Type the data below again exactly. Omit all pictures.

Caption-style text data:
::::

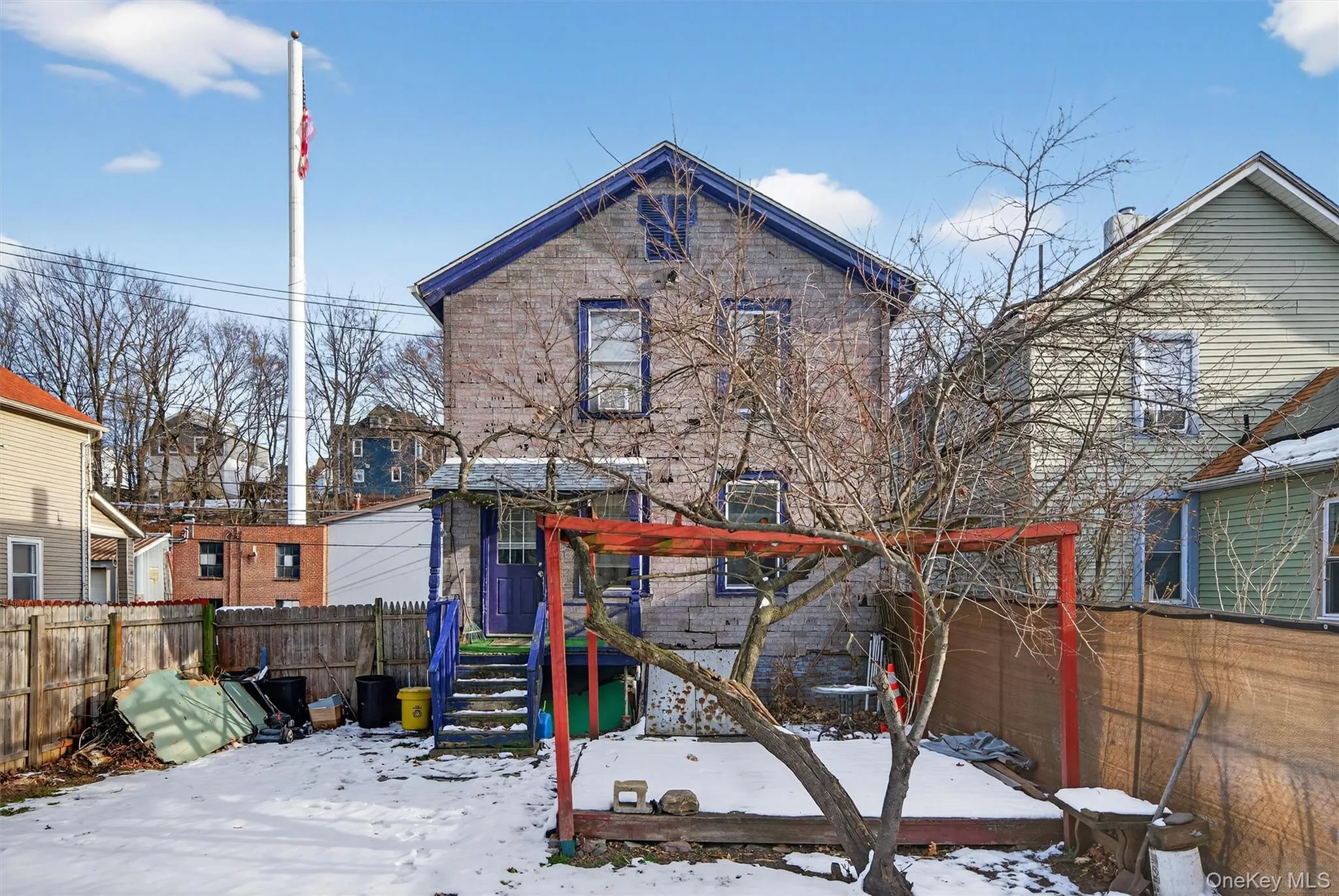 Snow covered rear of property with a fenced backyard Snow covered rear of property with a fenced backyard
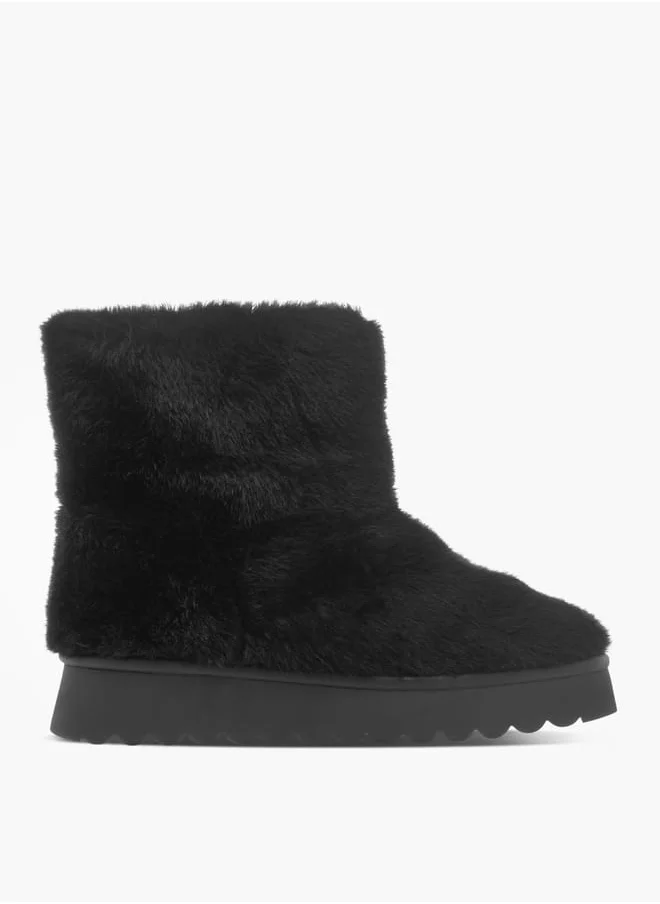 سيليست Womens Textured Slip-On Ankle Boots with Platform Heel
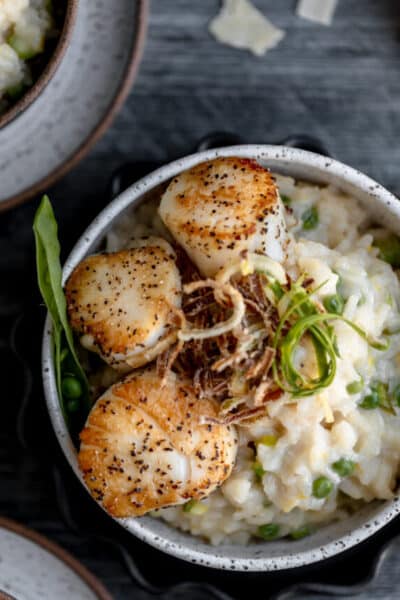 Mushroom and asparagus risotto with scallops in a bowl.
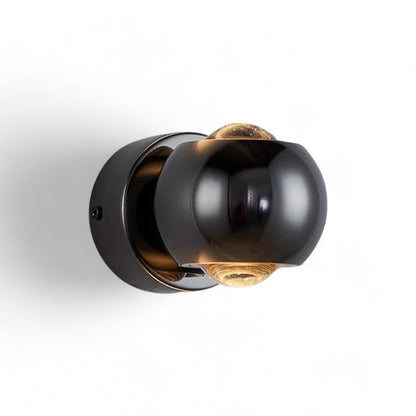 Modern wall light fixture with black and gold design on a white background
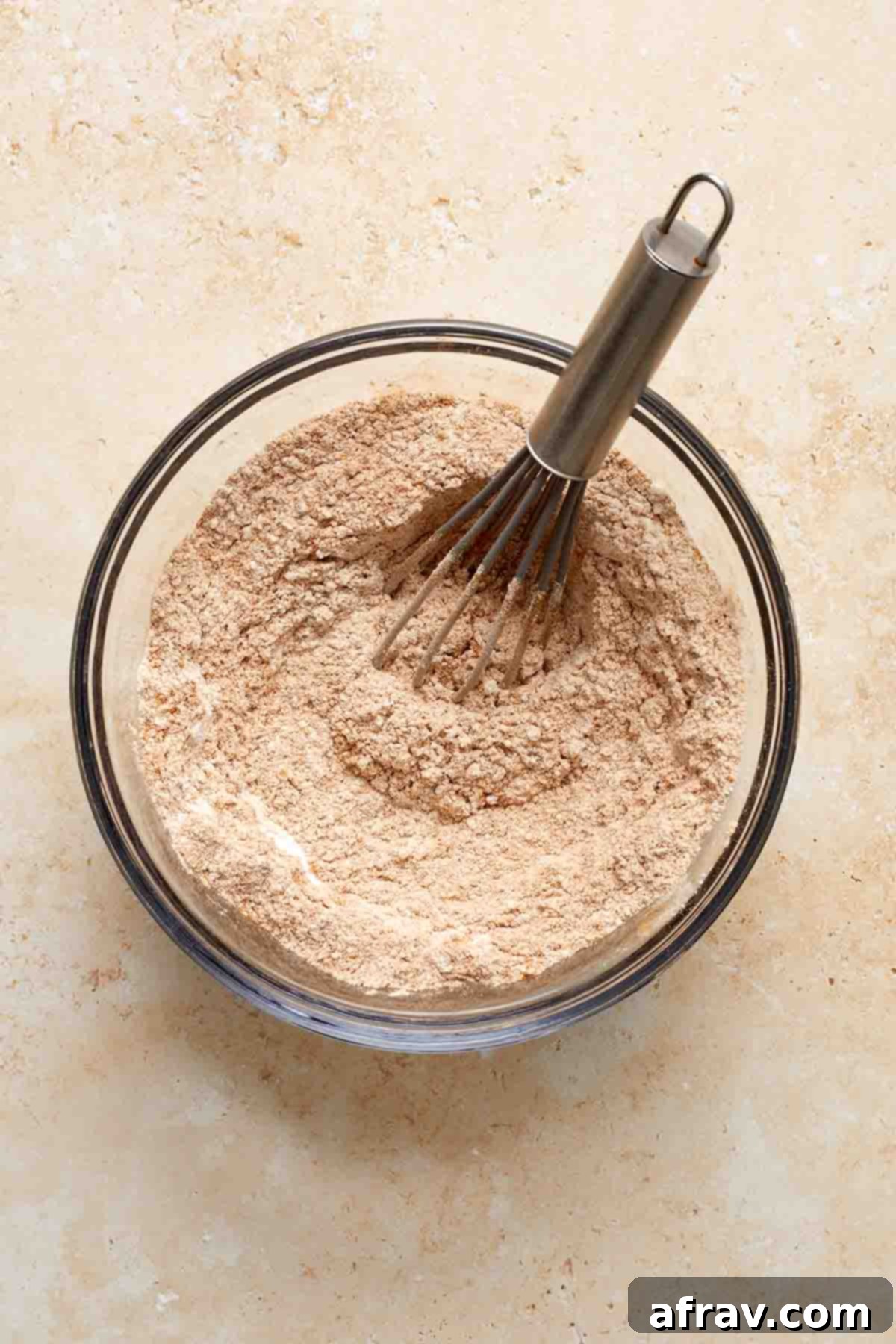 Dry ingredients whisked together in a glass bowl.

::::

**Written response:**
 Snow covered rear of property with a fenced backyard Snow covered rear of property with a fenced backyard
 سيليست Womens Textured Slip-On Ankle Boots with Platform Heel
 Mushroom and asparagus risotto with scallops in a bowl.
 Modern wall light fixture with black and gold design on a white background
 Dry ingredients whisked together in a glass bowl.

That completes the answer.